Vesicular and carrier-mediated depolarization-induced release of [3H]GABA: inhibition by amiloride and verapamil.

Abstract

The Ca(2+)-dependent, presumably exocytotic fraction of the [3H]GABA released by depolarization is dissected from the depolarization-induced Na(+)-dependent, carrier-mediated fraction of [3H]GABA release in mouse brain synaptosomes.
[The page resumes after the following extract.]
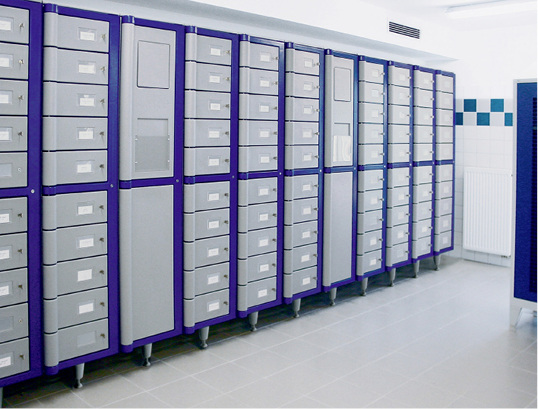 



Mit dem Schrankservice von Mewa herrscht Ordnung bei der Arbeitskleidung.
GABA homoexchange is prevented by the [3H]GABA carrier blocker, DABA. The absence of external Na+ completely abolishes the release of the carrier-mediated, presumably cytoplasmic release of [3H]GABA induced by homoexchange and heteroexchange with GABA and DABA, respectively. The carrier-mediated, Na(+)-dependent fraction of the depolarization-induced release of [3H]GABA is resistant to tetrodotoxin (TTX) but is sensitive to amiloride and verapamil. The Ca(2+)-dependent fraction of the [3H]GABA released by high K+ depolarization is also completely abolished by amiloride (from 300 microM) and sensitive to verapamil (30 microM), but in contrast is insensitive to the absence of external Na+ and to DABA. On the basis of these results we conclude that amiloride and verapamil inhibit high K(+)-induced release of [3H]GABA by antagonizing the entrance of Ca2+ (and possibly Na+ when external Ca2+ is absent) through a population of voltage sensitive presynaptic Ca2+ channels activated by depolarization.